Ci sono personaggi che si perdono praticamente per strada: vengono create delle forti aspettative, poi però è come se gli sceneggiatori non sapessero più che farsene, ed ecco che assumono un ruolo sempre più defilato e finiscono eliminati dallo show (il caso più emblematico è probabilmente quello di Thea Queen).

La recitazione spesso lascia a desiderare, e a salvarsi sono per lo più veterani come Jesse L. Martin, Victor Garber o il camaleontico Tom Cavanagh, a cui tocca dar vita ogni anno ad un nuovo personaggio.
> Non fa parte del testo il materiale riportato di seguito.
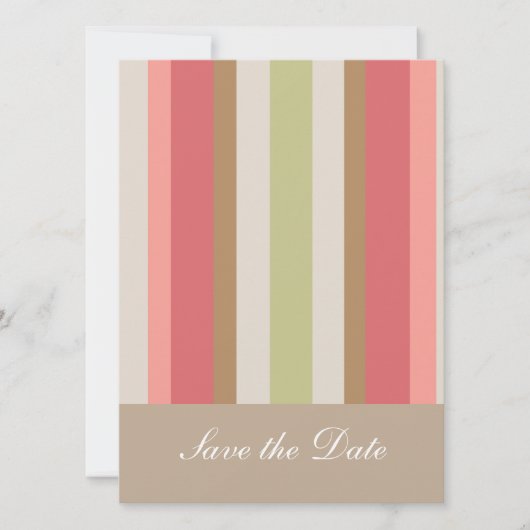 Paprika-streepjespatroon Save The Date (Voorkant)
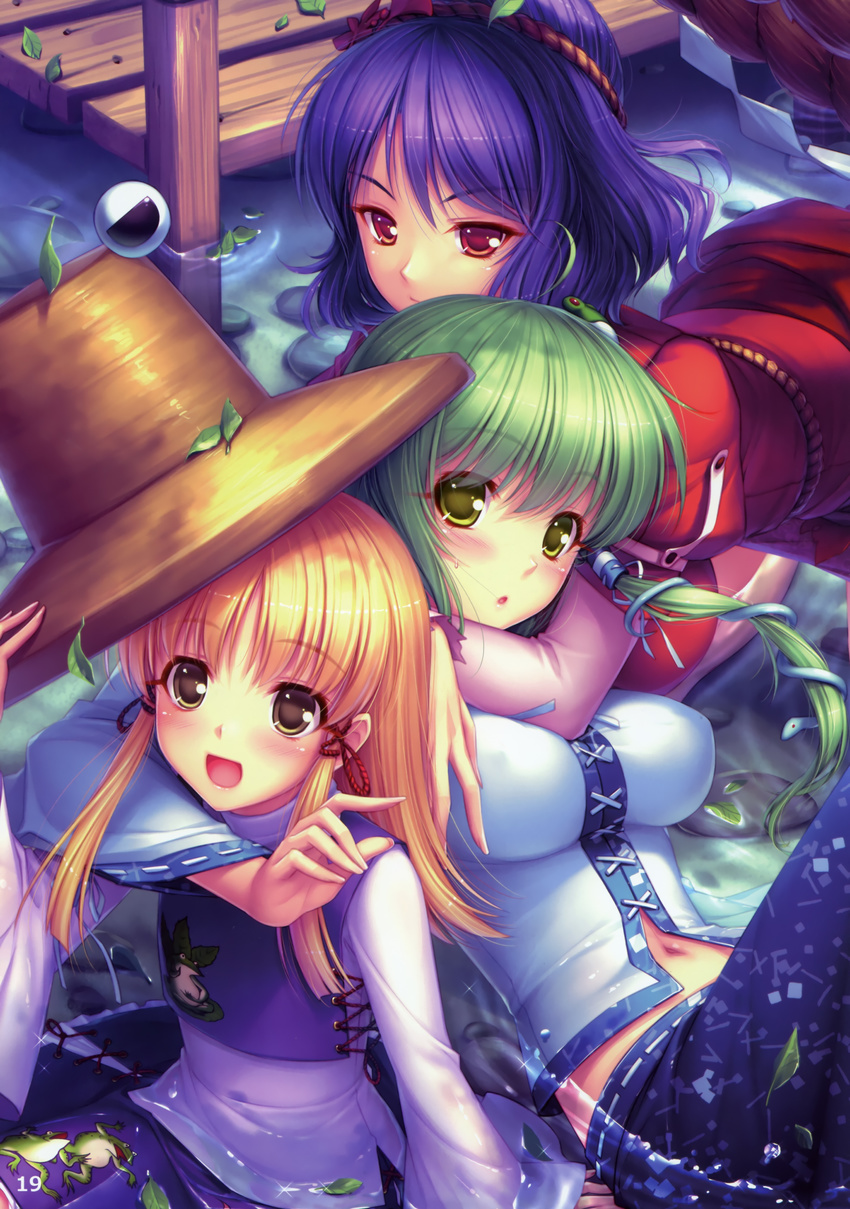 absurdres bent_over blonde_hair breasts chinese_clothes detached_sleeves dock eyes frog green_eyes green_hair hair_ornament hat highres impossible_clothes impossible_shirt kneeling kochiya_sanae large_breasts leaf long_hair moriya_suwako multiple_girls navel purple_hair red_eyes rope sandals sayori shimenawa shirt short_hair sitting snake splashing thighhighs touhou water wet wet_clothes white_legwear yasaka_kanako yellow_eyes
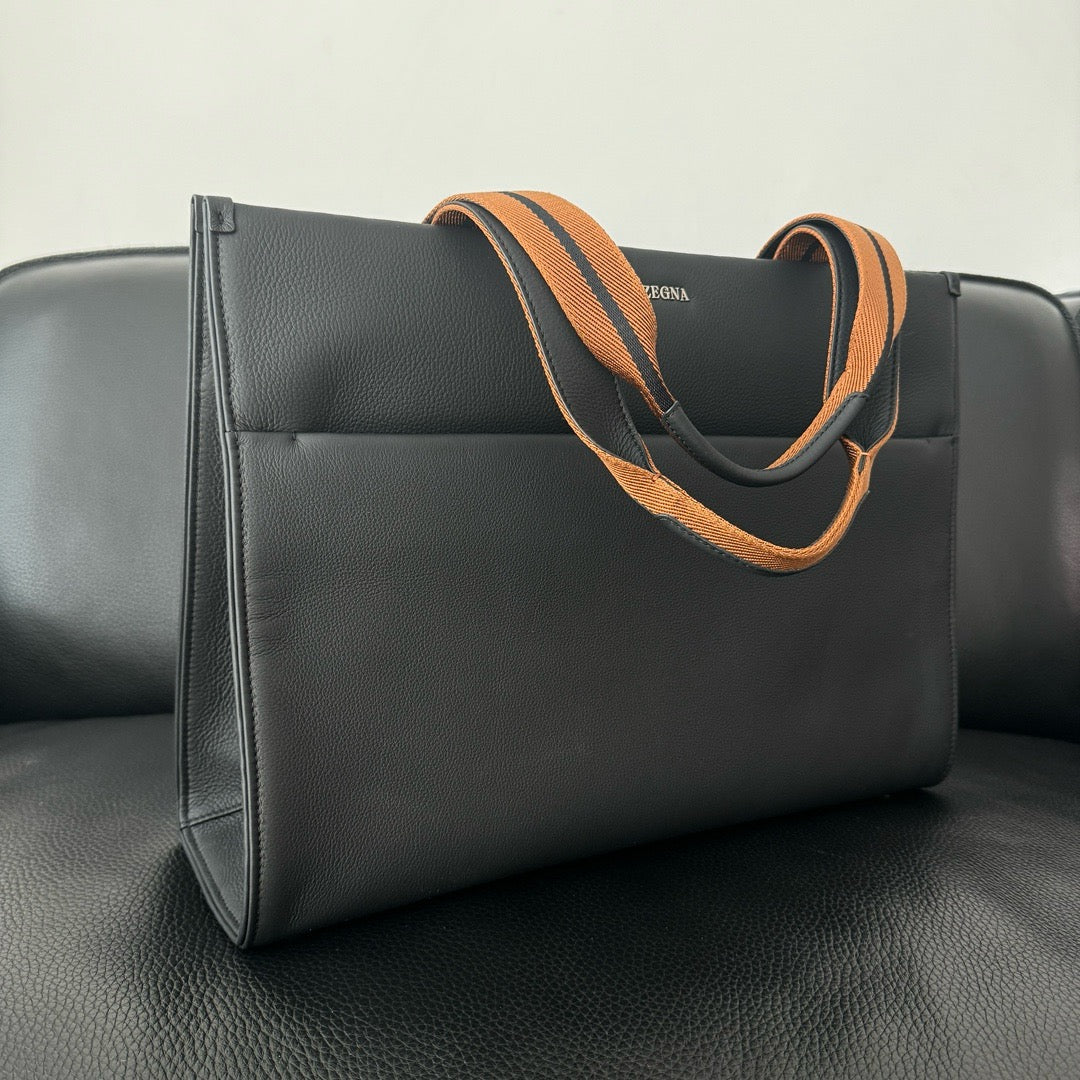 ZN Black Deerskin Leather Tote Bag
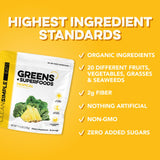 Clean Simple Eats Super Greens Tropical Blend mixed in a glass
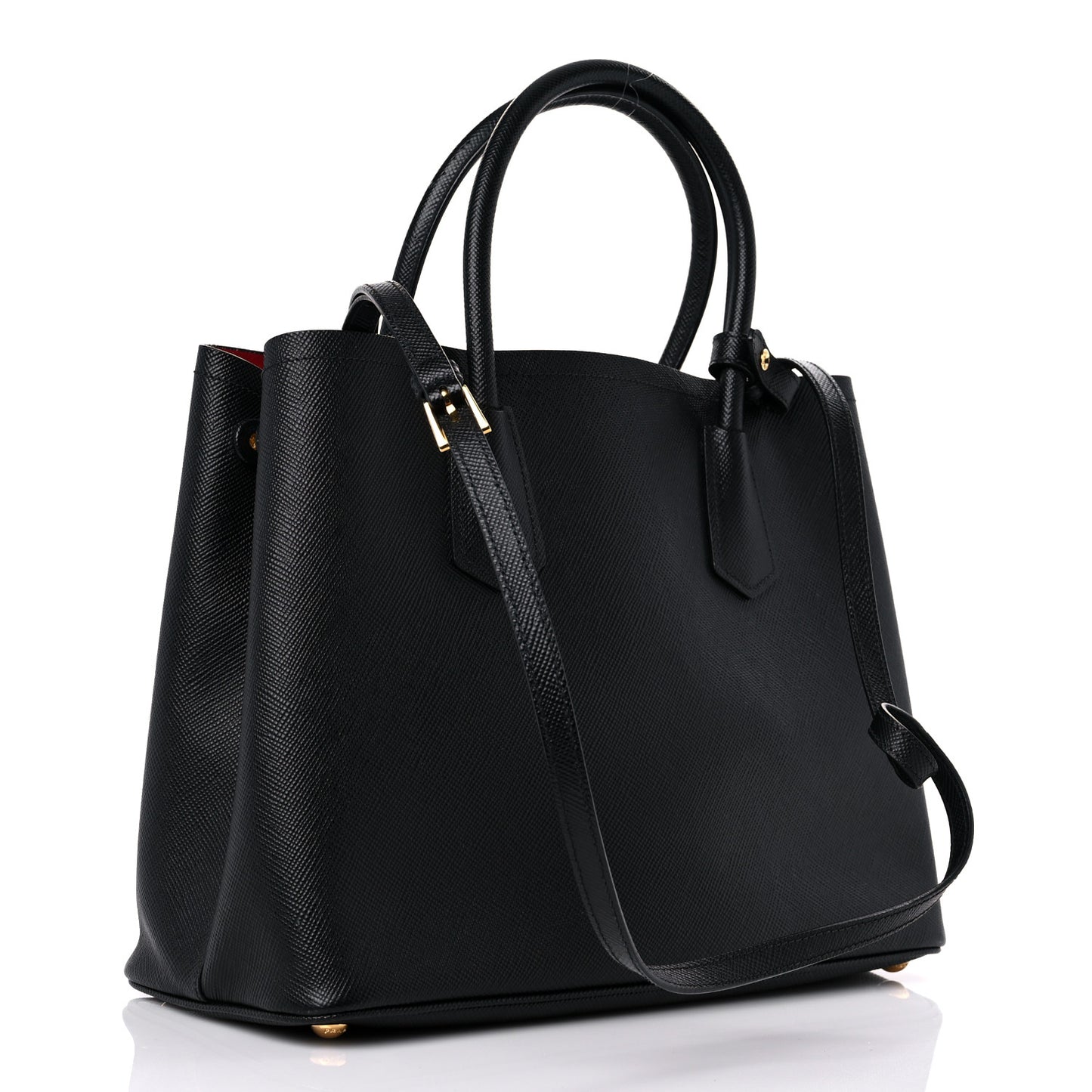 Saffiano Cuir Medium Double Bag Black Fuoco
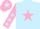 Silk - Light blue, pink star, pink sleeves, light blue stars, pink cap, light blue star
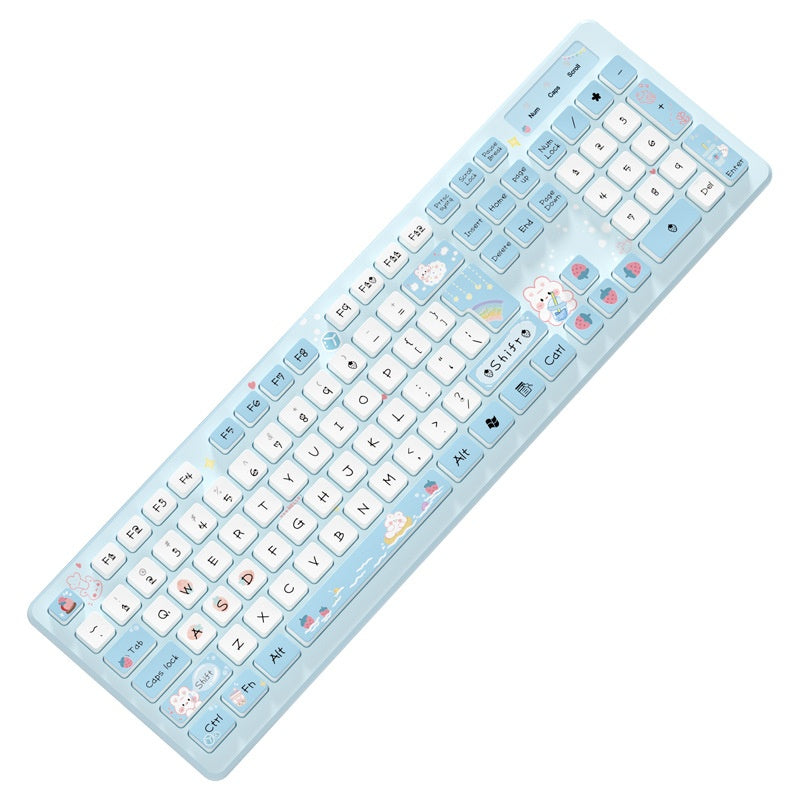 Thé de lait Lapin mignon chocolat filaire clavier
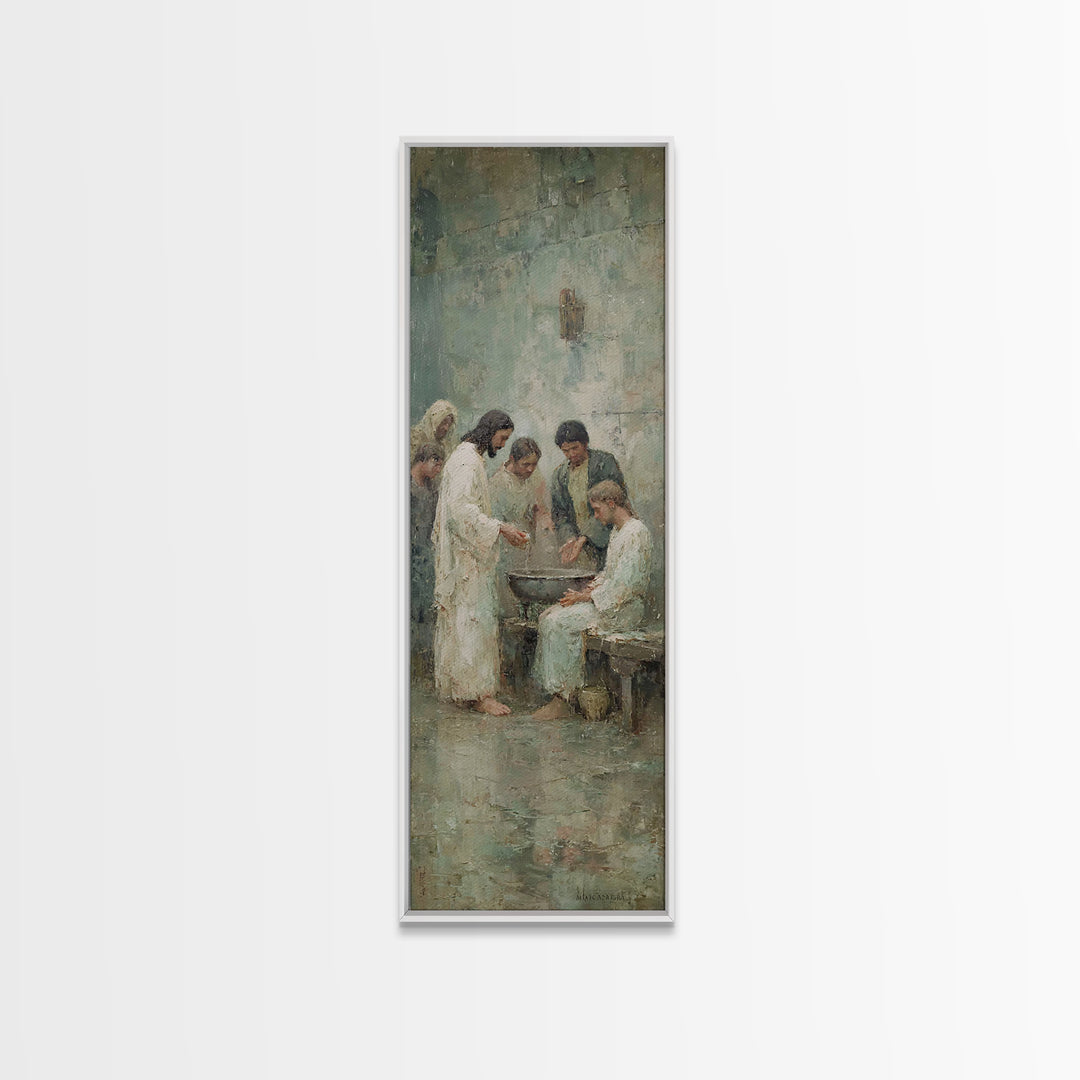 Circle Of Mercy | Framed Canvas Print | Christian Art Canvas | Jesus Painting | Christian Wall Art | Christian Christmas Art | Skinny Art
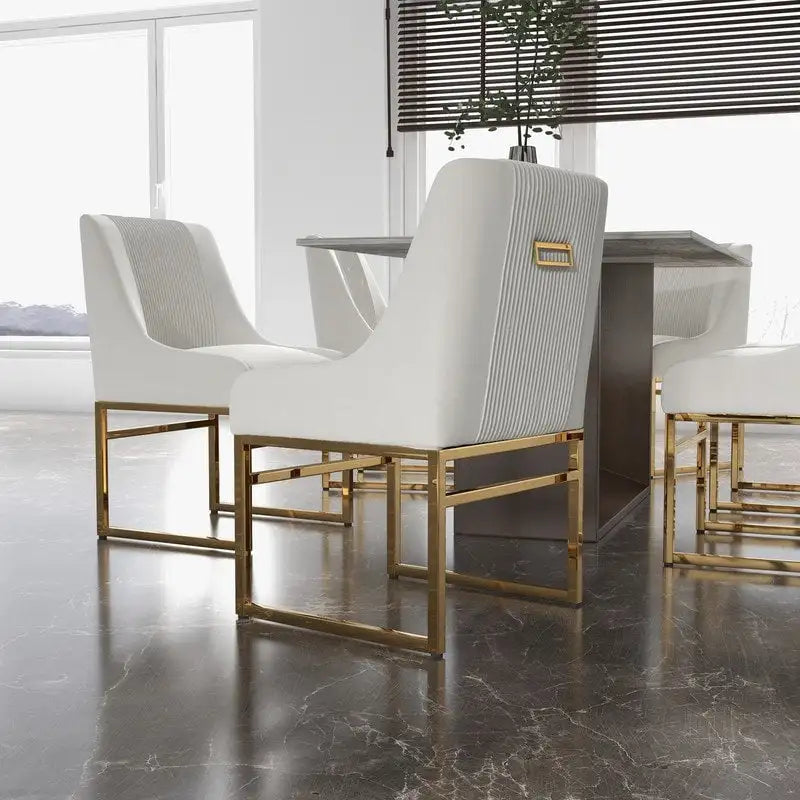 Sedia da pranzo in velluto contemporaneo SEYNAR con gambe in metallo, set da 6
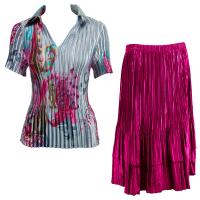 Sets Satin Mini Pleat - Half Sleeve with Collar - Red Swirl on Silver - Magenta Skirt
Anche il comparto tecnico è quello che è, quindi non aspettativi roboanti coreografie o spettacolari effetti speciali: ci si accontenta di quello che una produzione televisiva da una ventina di episodi a stagione può mettere a disposizione.

Insomma, questo Arrowverse vale la pena? La risposta è più no che sì, soprattutto se non volete perdere tempo e preferite dedicarvi a show più solidi. Allo stesso tempo, però, sono quelle serie tv che possono andar bene per ammazzare il tempo, proprio perché poco impegnative: per quanto mi riguarda, solitamente le guardo (e a volte, ammetto, mi limito solo ad ascoltarle) mentre preparo la cena o mi fanno compagnia nelle pulizie del weekend. E poi, lo confesso, ho un debole per i crossover e l’idea di un universo condiviso ha su di me sempre una certa presa, e ai supereroi in tv non dico mai di no.

2 pensieri su “[Tv Series] Arrowverse

  1. Ho visto solo le prime quattro stagioni di Arrow. Mi piaceva molto, all’inizio, ma ho mal digerito la svolta soap-opera dell’Olicity (le ship sono cancro delle serie tv!) e l’inserimento della magia e del soprannaturale: preferivo quando ci si prendeva a botte nella prima stagione.
    Mio fratello invece le segue tutte, ma anche lui spesso con un interesse molto discontinuo. Insomma, come hai detto anche tu non sono quel pezzo imperdibile di tv!

    A proposito di serie tv sui supereroi, hai visto Legion?

    Piace a 1 persona

    • Viste I e II stagione e prime puntate della III; pur non avendo letto il fumetto, è l’unico prodotto televisivo che mi dà l’impressione di mantenere (almeno in parte) un’impostazione “da fumetto”: narrazione non sempre lineare, realtà e illusione che si confondono, ma tutto con un senso (è quello che ho scritto io che magari non è molto sensato 😁).